In a story that has become all the norm it seems with
Big Little John, the look and talk might have changed, but the results were a lot alike: Daly missed the cut at the Sony Open, making it four of his last five tournaments without a check to show for his efforts.
But that isn't what is in question here. During the telecast for The Golf Channel, the network determined to change its image, pumped and pumped the new reality television show with Daly. Basically, the show is going to be another attempt at following Daly 2.0 (or is it 3.0? Or 4.0?) around and give us a look at who John really is.
But should they be doing this? Is this what golf fans should be wanting from their pros?
Listen, if you know me, you know I like to have a good time. Having some laughs and some beers and making a bad decision here or there isn't beyond me, and I'll never play that card like I'm better than that. With that said, however, I'm pretty sure following around a guy that has been, at times, as far from a role model as you'd want in this sport isn't exactly the perfect perception of the PGA Tour.
On top of all that, we are pushing this just two months after golf's golden boy, Tiger Woods, went from hero to zero faster than Daly had to add holes in his belts? The golf world more than ever needs a refresher course in image, and constantly promoting a show following the sport's quintessential bad boy seems like a disservice to what might help boost the morale of golfers, young and old.
But, as we've seen on Twitter with guys like Stewart Cink and Ian Poulter, personality can come from the least likely, and those are the type of guys that The Golf Channel should be approaching if they're going to really show life on tour.

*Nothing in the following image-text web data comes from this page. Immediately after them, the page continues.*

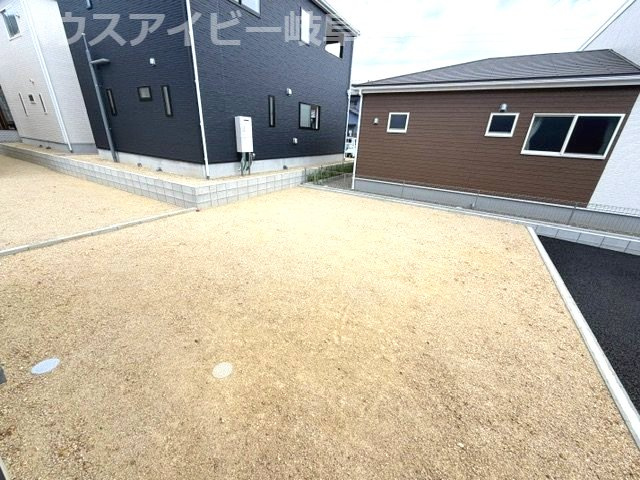 【庭】の画像
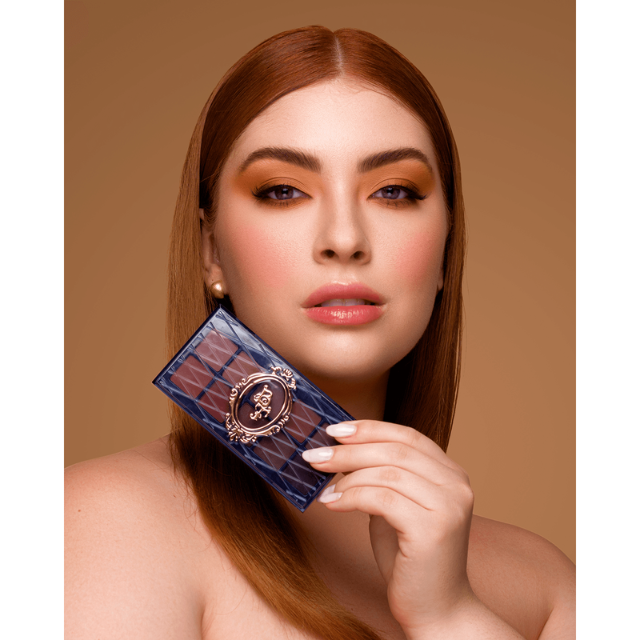 Bruna Tavares BT Transition Professional Eyeshadow Gradient BTLAB – Buy now at MKPBR.COM – Worldwide Shipping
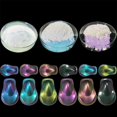 thumbnail image 4 of Naievear 10g Car Chameleon Pigments Paint Powder Coating Auto Accessories Decoration, 4 of 5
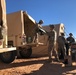 1st Armored Division participates in Warfighter Exercise to enhance operational readiness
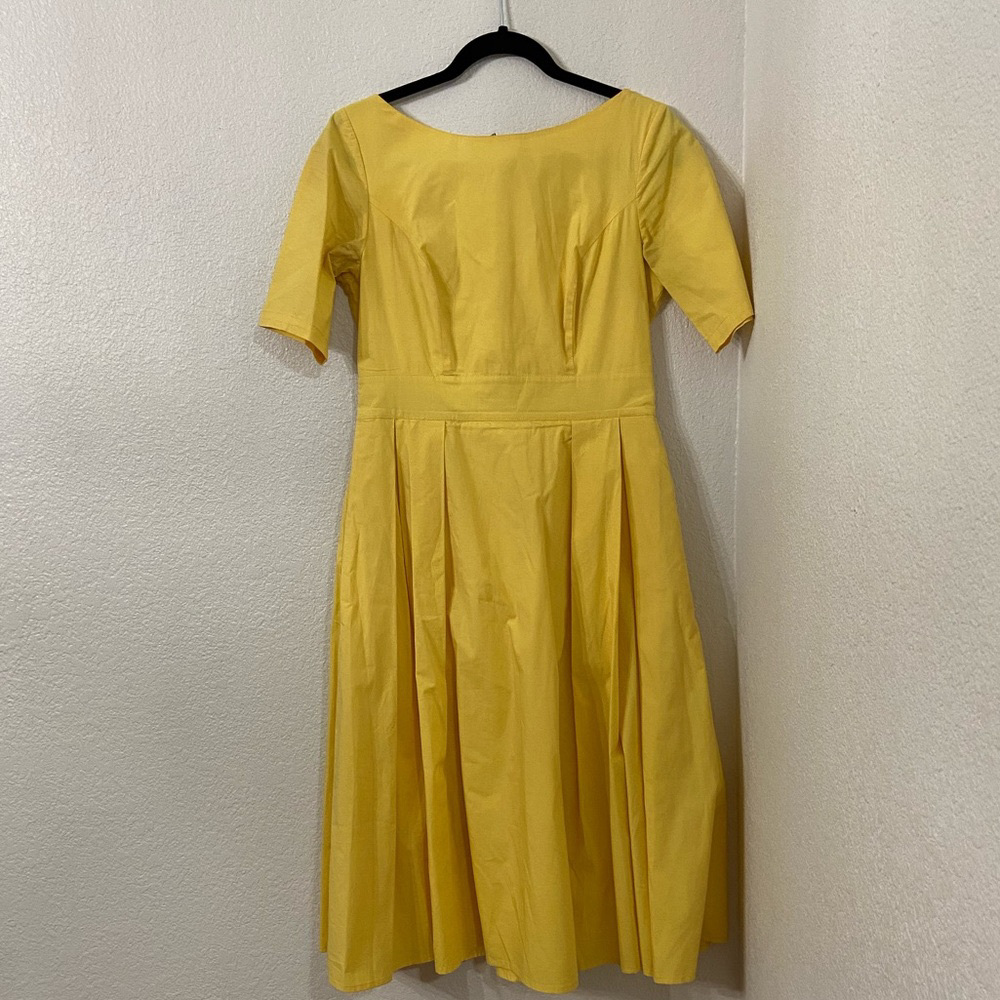 Eshakti dress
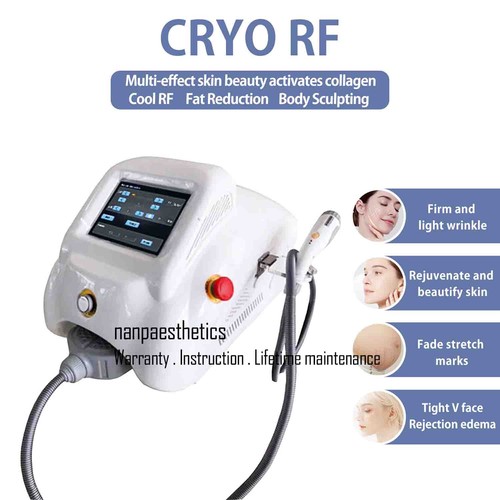 Pro cryo beauty machine - cryo,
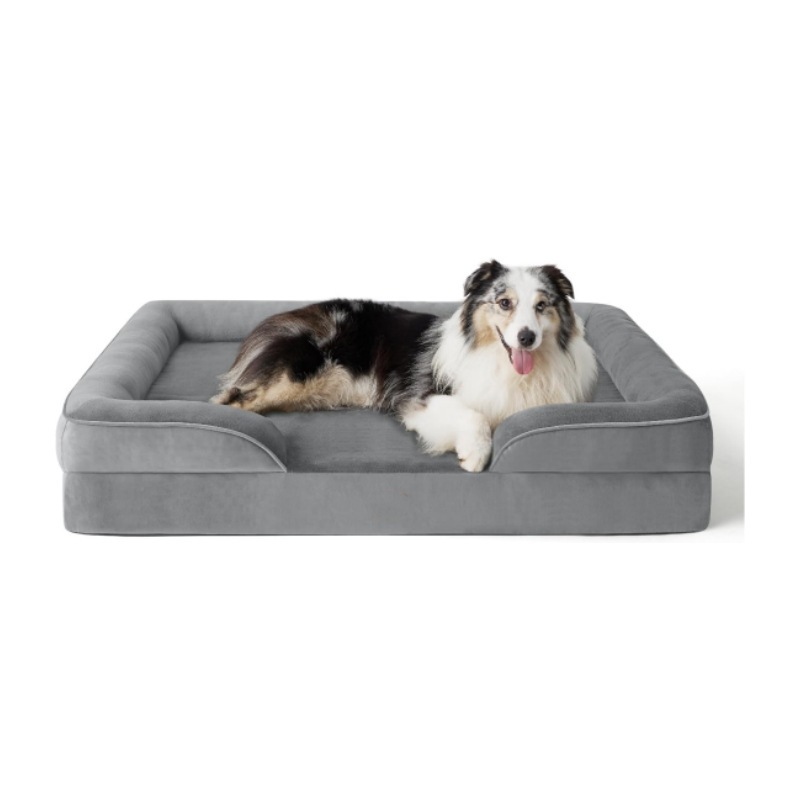 Dog And Cat Beds For Small MediumAnd Large Breeds photo 7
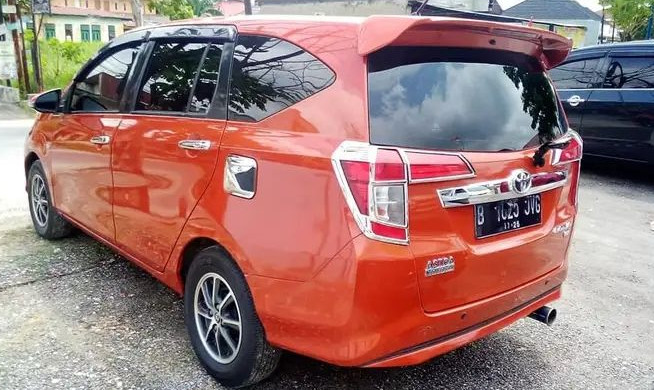 2016 Toyota Calya 2016 Toyota Calya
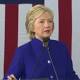 Clinton ignores Trump, delivers speech on helping disabled 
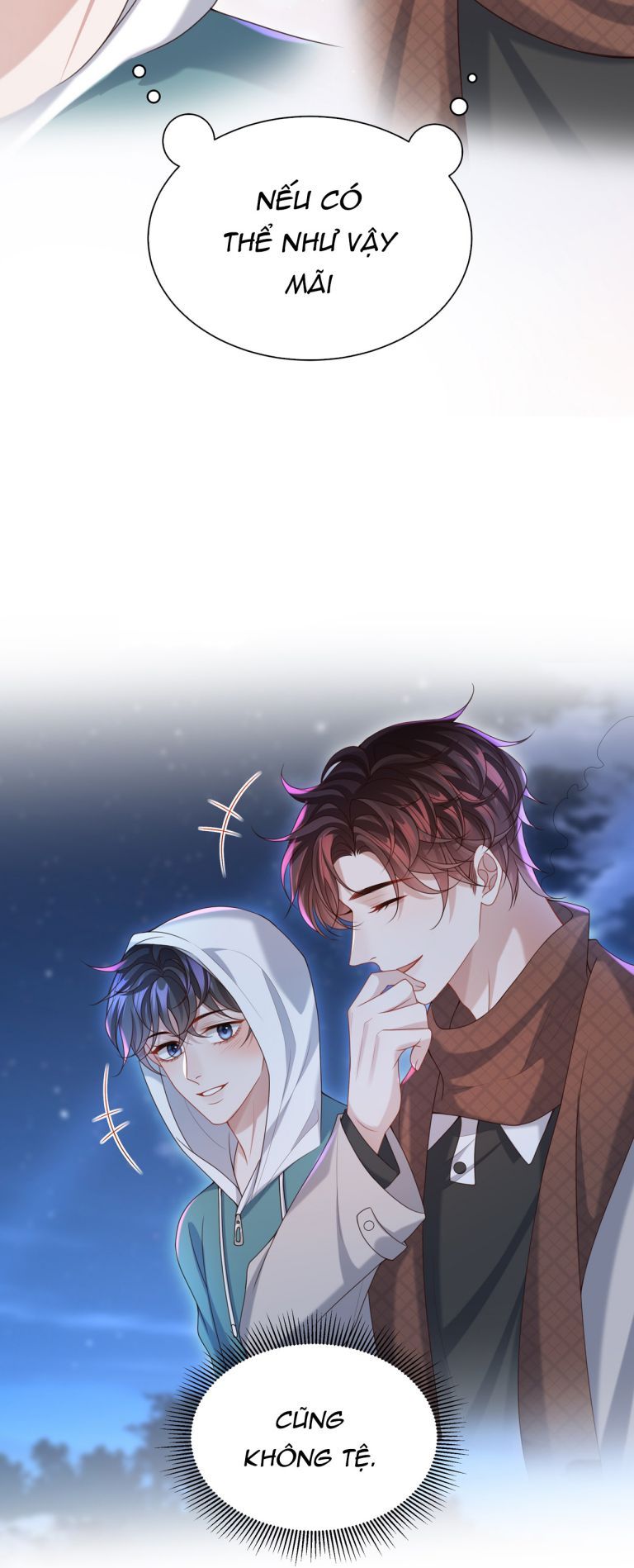 Tâm Sự Thiếu Niên Chap 16 - Next Chap 17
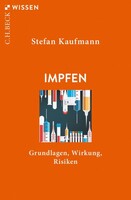 C.H. Beck Impfen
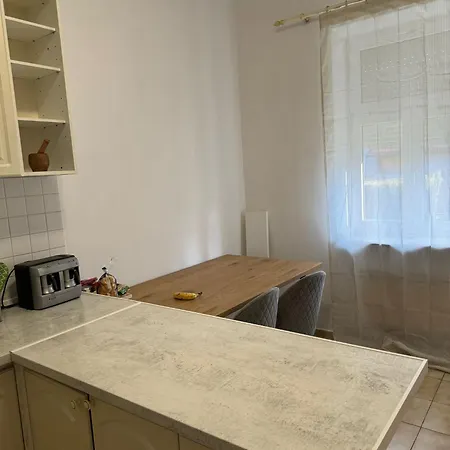 Проживание в семье No 13 House Raca *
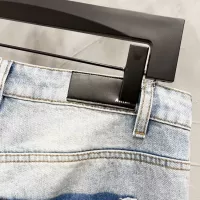 $60.00 USD Louis Vuitton LV Jeans For Unisex #1341363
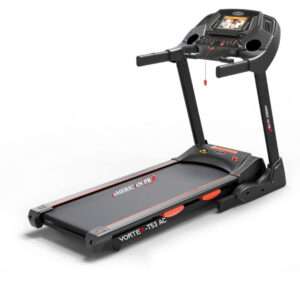 Motorized Treadmill - American Pro - T53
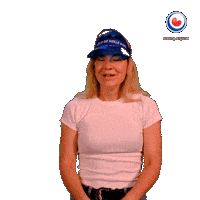 Simmer Sticker by Omrop Fryslân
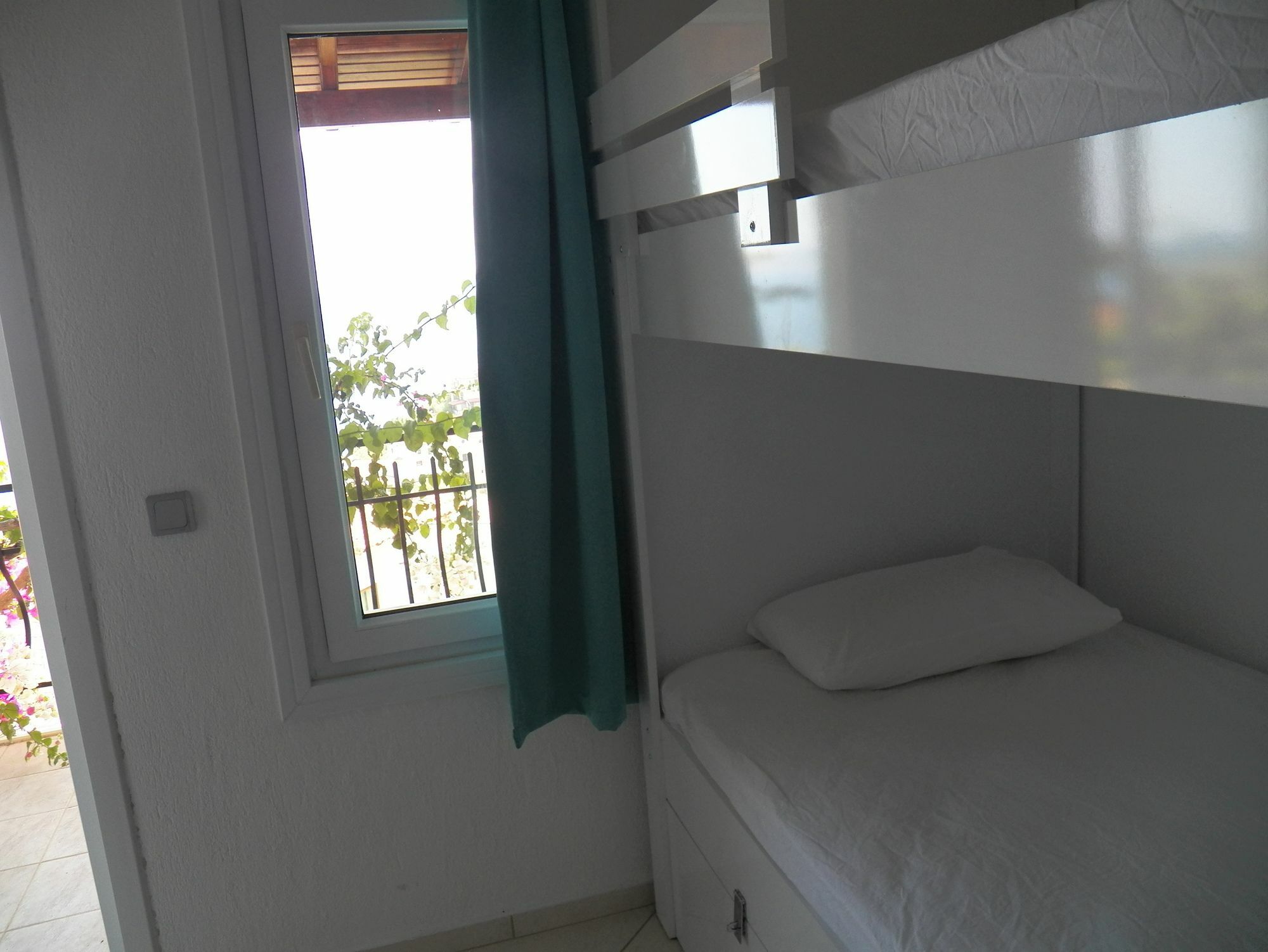 In House Hostel Kas (Adults Only) Kültér fotó
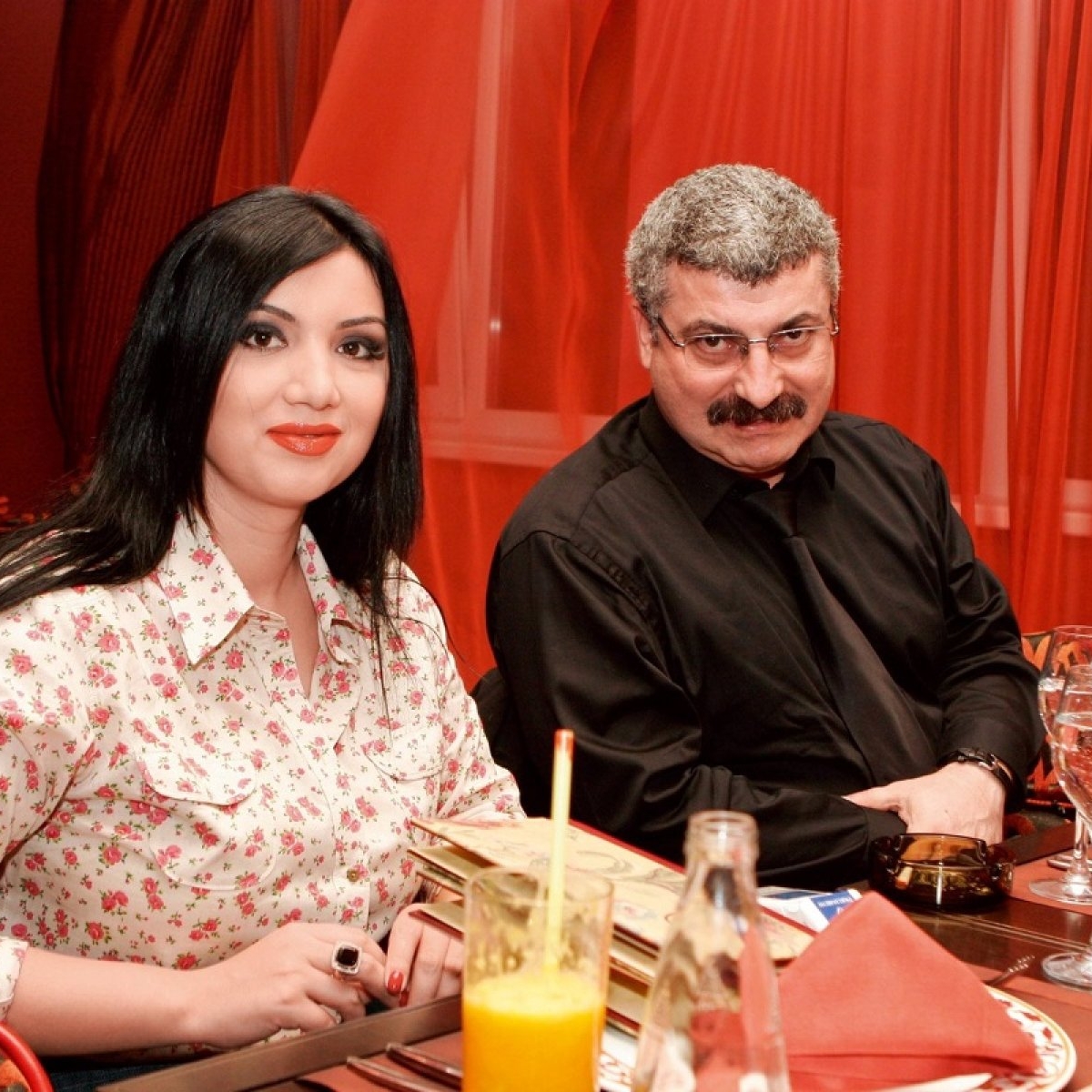 De ce s-ar fi despărțit, de fapt, Adriana Bahmuțeanu de Silviu Prigoană, deși susține că se iubeau. Abia acum a spus adevărul
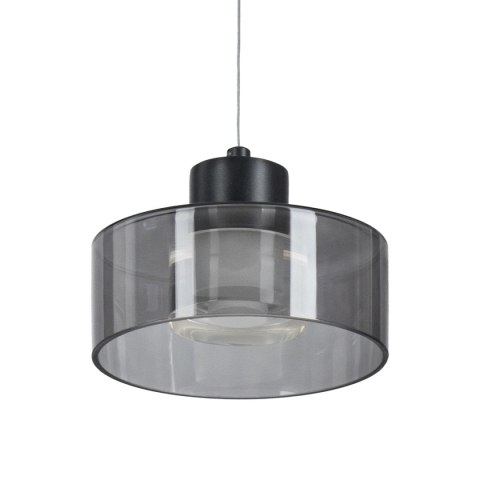 Lampa wisząca - Forma dymiony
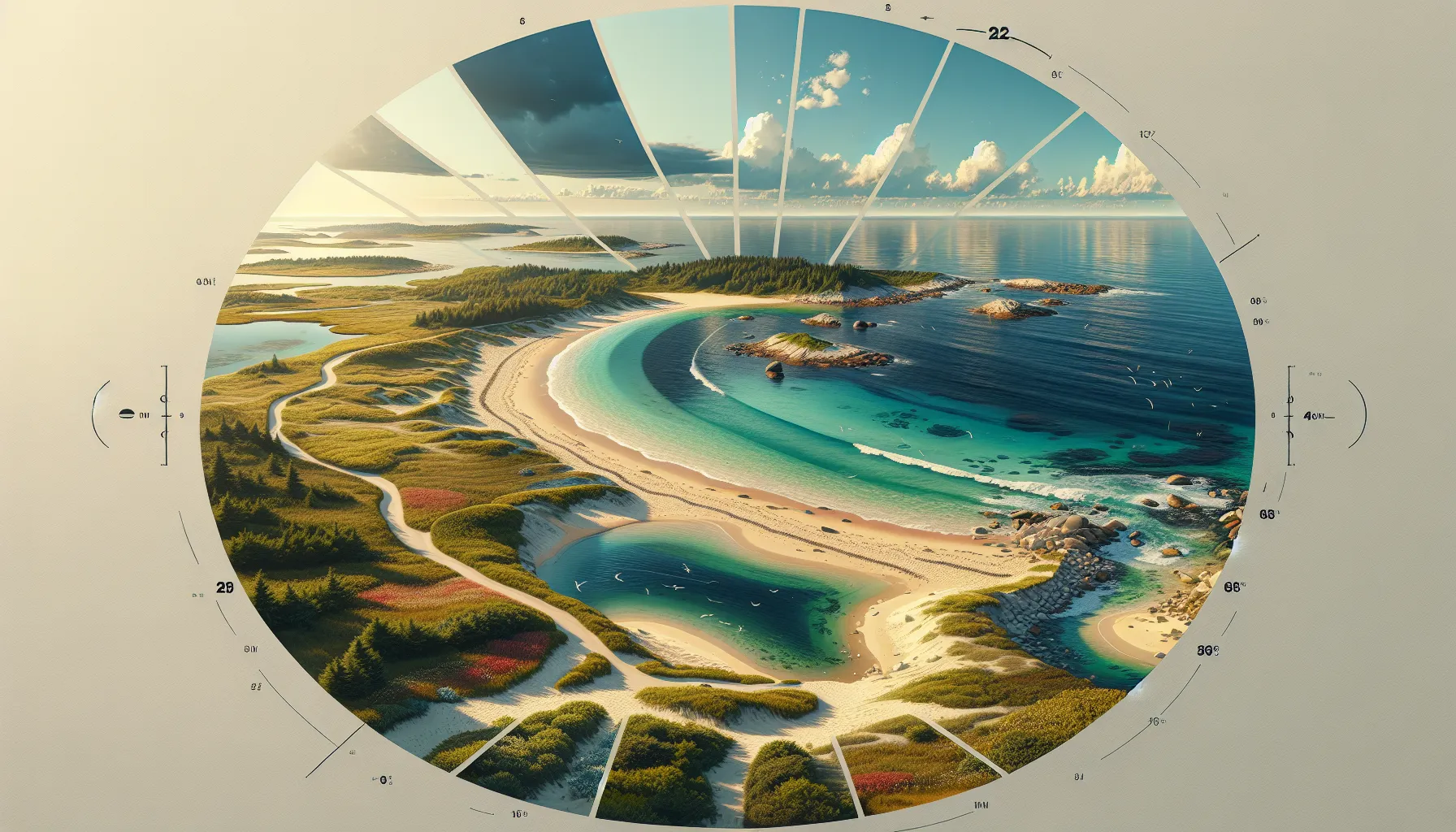 Set a Course for Fun: A Boater’s Itinerary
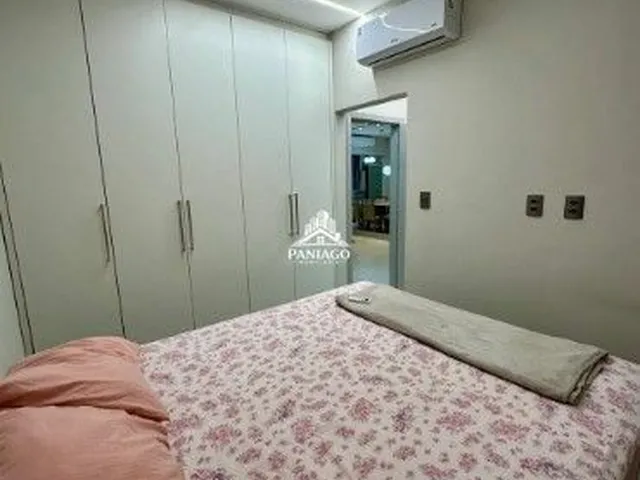 Imagem 14: Condominio Jardins - Sobrado mobiliado com 3 suites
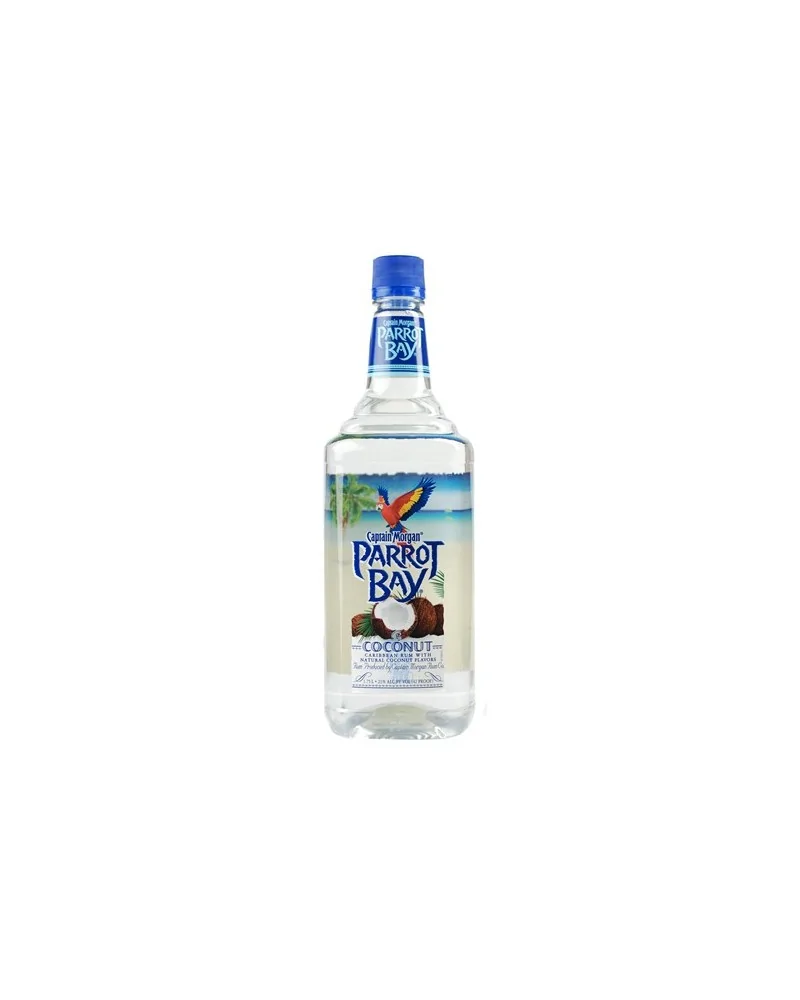 Parrot Bay Coconut Rum 1.75L - 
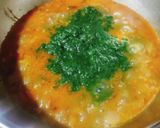 પાલક પનીર બટર નાન એન્ડ જીરા રાઈસ(Palak Paneer & Butter Naan & Jeera Rice Recipe In Gujarati) રેસીપી સ્ટેપ3ફોટો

Maybe they wouldn't do it. Maybe Daly needs the cash and enjoys the spotlight and gets to showcase some of the other things he does besides golf. It just seems that if The Golf Channel is serious about changing, and giving golf fans a real channel with real shows, rehashing a failed attempt at a Daly reality show isn't the way to go, and it isn't what the sport needs in 2010.
Let John play some good golf, contend in some events, and really focus on making birdies, and maybe that is when we could follow him around with cameras. For now, it might be best served highlighting someone new, exciting and personable.
And if Daly isn't doing all the crazy stuff that has made us all enjoy the 43-year-old throughout his career, what is really there to watch? If I want to watch someone play the guitar, I'll switch it over to VH1.